Recent months have seen a reasonable amount of commentary about tightening liquidity in Hong Kong's financial markets. It's reasonably clear that monetary conditions have become tighter:
1. Three month HIBOR has risen from around 0.2% to around 0.4% over the last 12 months. This feeds directly into mortgage costs - two of our mortgages have now been reset at rates fractionally over one percent;
2. We are seeing some evidence of banks competing for HKD deposits, especially term deposits;
3. higher capital requirements are having an effect although I did not find any information quantifying the effect.

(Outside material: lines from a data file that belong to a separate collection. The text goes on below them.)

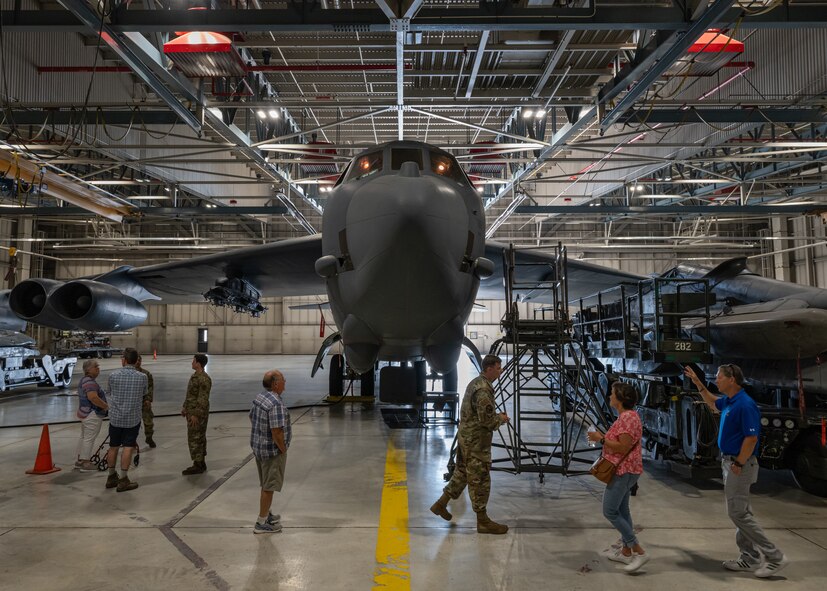 Airmen assigned to the 5th Maintenance Group provide a tour of a B-52H Stratofortress hangar to military retirees during Retiree Appreciation Day at Minot Air Force Base, North Dakota, July 12, 2024. B-52 Stratofortresses have been in service at Minot AFB since 1961. (U.S. Air Force photo by Senior Airman Kyle Wilson)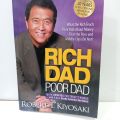 RICH  DAD poor dad by Robert t, kiyosaki. 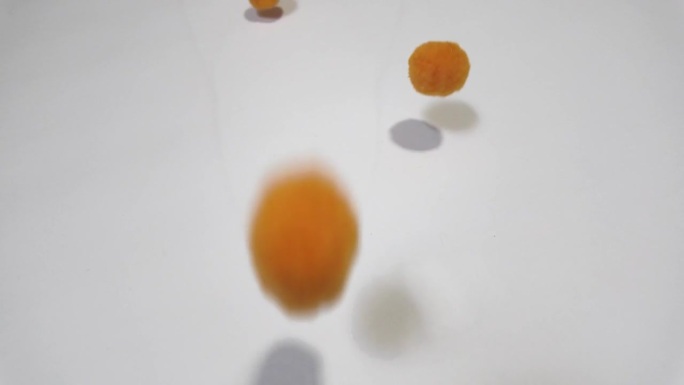 橙色的绒球落在白色的背景上。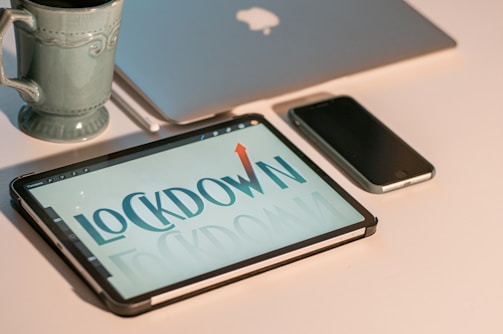 A tablet displaying the word 'LOCKDOWN' with an upward arrow, sitting on a desk alongside a smartphone, a closed laptop featuring a bitten apple logo, and a ceramic mug. The setting appears to be a workspace or home office.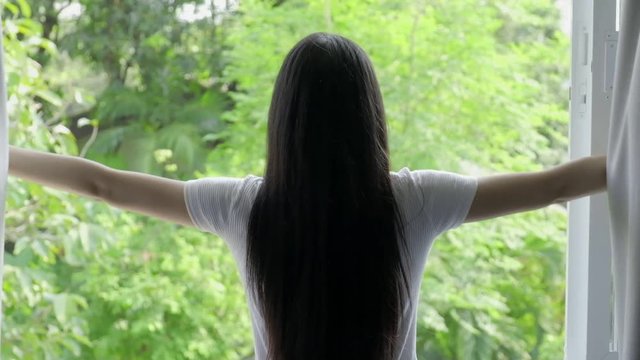 Slow motion of young beautiful asian woman open bedroom curtain to see green trees background. Relaxing home concept.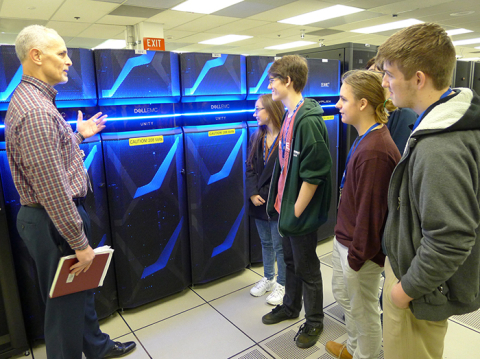 Mason Richardson, with the information technology division at Savannah River Nuclear Solutions, leads a tour of Evans High School students at the Savannah River Site Data Center.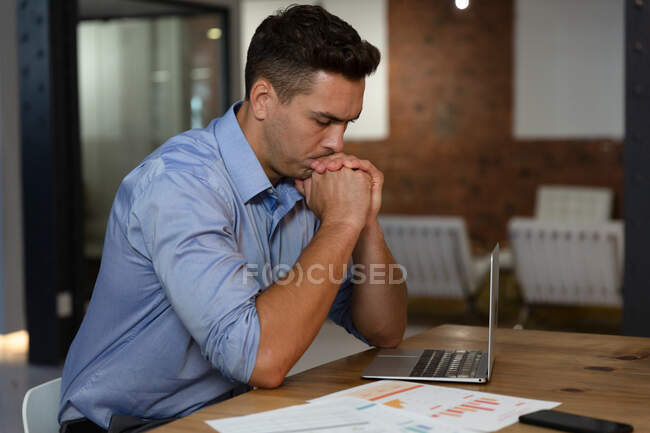 Portrait of stylish caucasian businessman thinking, sitting at desk and using laptop. business person at work in modern office. — Stock Photo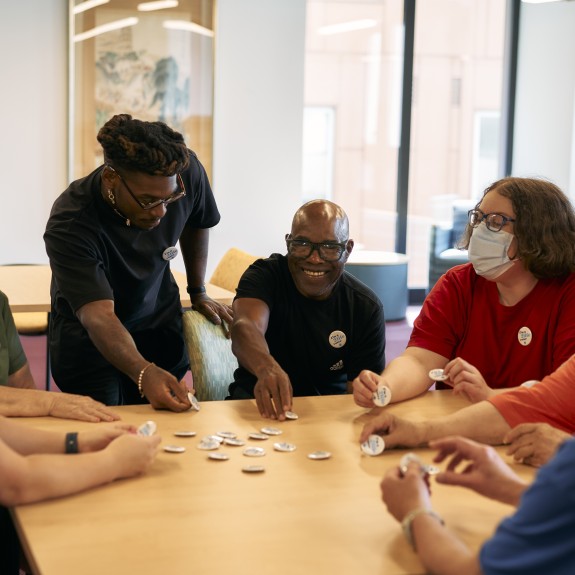 Residents and staff connecting at a campus event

However, the above is slightly surprising given that HKMA statistics show that while HKD deposits are lower than their October 2010 peak they have been steadily increasing from their Februaury 2011 low. Total deposits in all currencies have been rising.
Given that inflation remains well above even the best rates available for deposits, I was slightly puzzled by the fact that all the anecdotal evidence and the hard fact of the higher HIBOR rates point to tighter liquidity at a time when HKD deposits have been rising.

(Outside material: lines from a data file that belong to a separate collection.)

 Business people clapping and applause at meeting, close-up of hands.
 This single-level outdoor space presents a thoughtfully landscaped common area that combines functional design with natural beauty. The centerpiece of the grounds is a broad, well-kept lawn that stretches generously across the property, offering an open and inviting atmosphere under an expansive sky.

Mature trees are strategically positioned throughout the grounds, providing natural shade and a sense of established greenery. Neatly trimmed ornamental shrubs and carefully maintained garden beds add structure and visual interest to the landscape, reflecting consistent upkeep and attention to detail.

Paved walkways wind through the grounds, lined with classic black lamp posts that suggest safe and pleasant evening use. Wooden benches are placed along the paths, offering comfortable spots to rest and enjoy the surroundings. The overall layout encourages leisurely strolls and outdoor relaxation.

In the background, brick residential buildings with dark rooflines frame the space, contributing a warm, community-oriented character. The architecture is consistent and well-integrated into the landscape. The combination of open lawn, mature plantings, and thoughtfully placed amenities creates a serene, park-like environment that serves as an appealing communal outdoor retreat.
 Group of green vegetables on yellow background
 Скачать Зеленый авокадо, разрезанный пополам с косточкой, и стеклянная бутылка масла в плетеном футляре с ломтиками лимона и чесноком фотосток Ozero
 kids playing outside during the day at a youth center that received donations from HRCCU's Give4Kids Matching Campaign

The answer would appear to be on the lending side of the ledger. Statistics published by the HKMA show that since October 2010 total loans have grown faster than total deposits and the difference of approximately HKD436 billion is (possibly) large enough to be significant.

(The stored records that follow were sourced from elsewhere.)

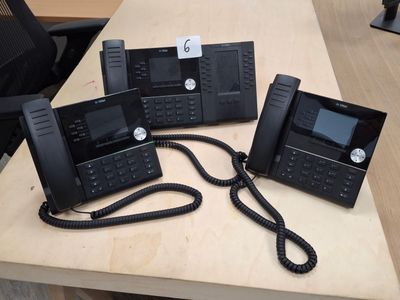 three black telephones sitting on top of a wooden desk next to each other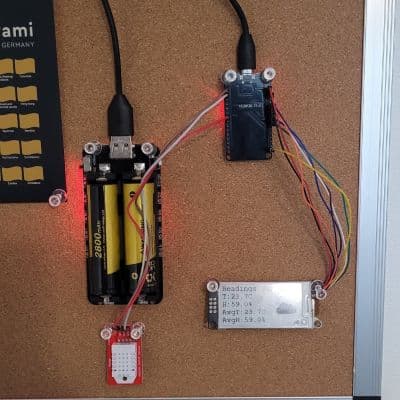 The finished ESP32 climate monitor prototype, mounted on a cork board and battery powered.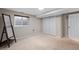 Bedroom featuring neutral walls, carpet floors, a window, and a closet at 17934 E Purdue Pl, Aurora, CO 80013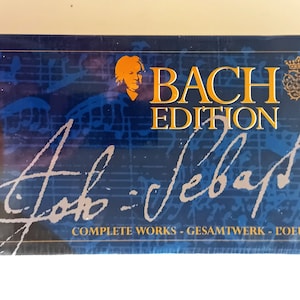 Op de afbeelding: Een blauwe doos met een portret van Johann Sebastian Bach en de tekst "BACH EDITION" en "Johann Sebastian Bach" in cursief. De doos bevat 155 cd's van Bach's complete werken.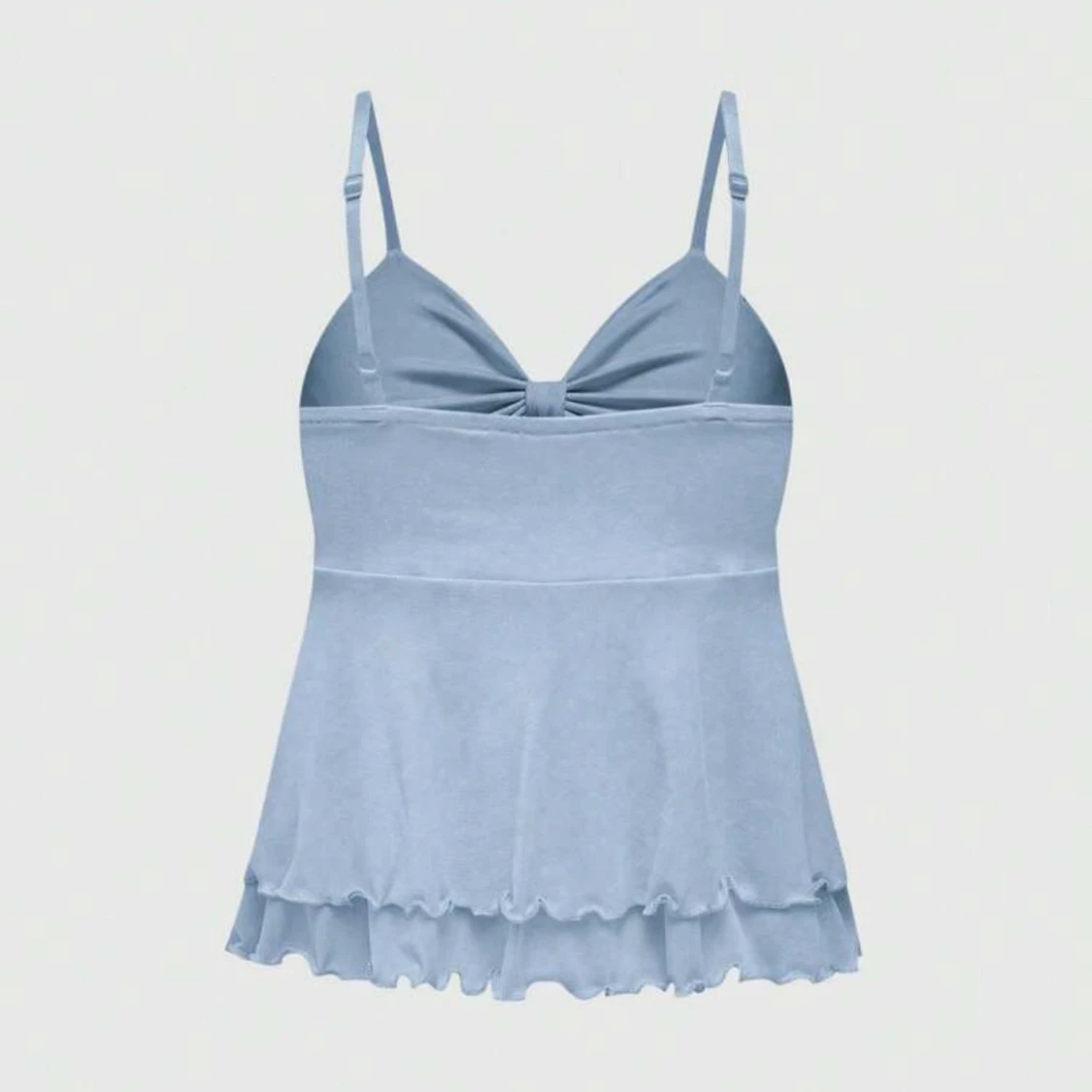 Ljusblå topp med rosett - 1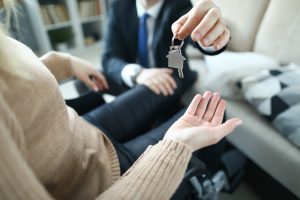agent giving keys of apartment to new owner in disabled carriage after signed lease agreement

As an aside, the HKMA statistics also show that the total outstanding balance of residential mortgage loans continues to increase (although very slowly). At least part of this can be attributed to people being unwilling to make early repayments on the very low cost mortgages which were taken out during the height of the mortgage wars (about 2008-2010). I'm one of them - HIBOR will have to get a lot higehr before I start making early repayments on debt that is, on averge, still costing me less than 1% pa.